Je rappellerai également – vous l’avez fait, monsieur le ministre – l’importance du montant du Fonds européen de stabilité financière : 750 milliards d'euros, ce n’est pas rien. Certes, ce chiffre est susceptible de varier, mais le signal envoyé aux marchés est loin d’être négligeable.

Monsieur le ministre, vous avez mentionné le principe de réciprocité. La commission des affaires européennes s’est penchée sur la notion de préférence communautaire depuis un certain nombre d’années. Il est vrai que nous étions assez mal à l’aise car, au fil du temps, depuis le traité de Rome, celle-ci n’était plus qu’une incantation politique ; disons-le clairement !

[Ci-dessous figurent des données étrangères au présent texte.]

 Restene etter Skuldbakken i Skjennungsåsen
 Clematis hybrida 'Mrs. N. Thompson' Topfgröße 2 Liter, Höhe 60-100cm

Or cette notion a été clarifiée et je remercie le Gouvernement – et vous-même, monsieur le ministre – de l’avoir bien cadrée. Nos partenaires, les vingt-six autres États membres de l’Union européenne et, au-delà, les pays tiers, comprennent désormais parfaitement à quoi ce principe de réciprocité fait référence. Il ne faut d’ailleurs pas être naïf : ce dernier doit animer toutes nos actions parce que nous ne pouvons pas agir comme bon nous semble.

Permettez-moi de conclure par une citation dont j’ai oublié l’auteur…

M. Josselin de Rohan, président de la commission des affaires étrangères. Nietzsche, peut-être ?

M. Jean Bizet, président de la commission des affaires européennes. Ce n’est pas de Nietzsche…

M. Denis Badré. Jean Bizet ! (Sourires.)

M. Jean Bizet, président de la commission des affaires européennes. Non, ce n’est pas du tout de moi !

Selon cet auteur, l’Europe se dissout quand on la pense claire et rationnelle, alors qu’il faut la concevoir dans sa pleine et complexe réalité.

J’avoue que ces propos m’avaient autrefois séduit ; mais ce n’est plus du tout le cas aujourd’hui. En tout état de cause, ils ne séduisent pas les marchés, qui désirent au contraire clarté et rationalité.

Ainsi que vous l’avez appelé de vos vœux, monsieur le ministre, il faut que l’Europe parle d’une seule voix et que, très rapidement, nous soyons dotés d’une gouvernance économique. (Applaudissements sur les travées de lUMP et de lUnion centriste.)

M. le président. La parole est à M. le président de la commission des affaires étrangères.

M. Josselin de Rohan, président de la commission des affaires étrangères. Je ne reviendrai pas sur ce que le président de la commission des affaires européennes a excellemment exposé.

Monsieur le ministre, j’émettrai simplement le vœu que, à l’occasion du Conseil européen, les chefs d’État et de gouvernement discutent de la situation en Côte d’Ivoire. En effet, j’espère que l’Union européenne parlera d’une seule voix pour condamner le coup de force qui s’y est produit…

M. Josselin de Rohan, président de la commission des affaires étrangères. … et demander que M. Ouattara, qui a été élu par son peuple, puisse exercer ses fonctions. Si l’Union européenne se taisait, elle commettrait un grave manquement. (M. le président de la commission des affaires européennes et MM. Robert del Picchia et Denis Badré applaudissent.)

M. le président. Nous en avons terminé avec le débat préalable au Conseil européen des 16 et 17 décembre 2010.

Mes chers collègues, nous allons interrompre nos travaux pour quelques instants.

La séance est suspendue.

(La séance, suspendue à seize heures trente, est reprise à seize heures trente-cinq.)

M. le président. La séance est reprise.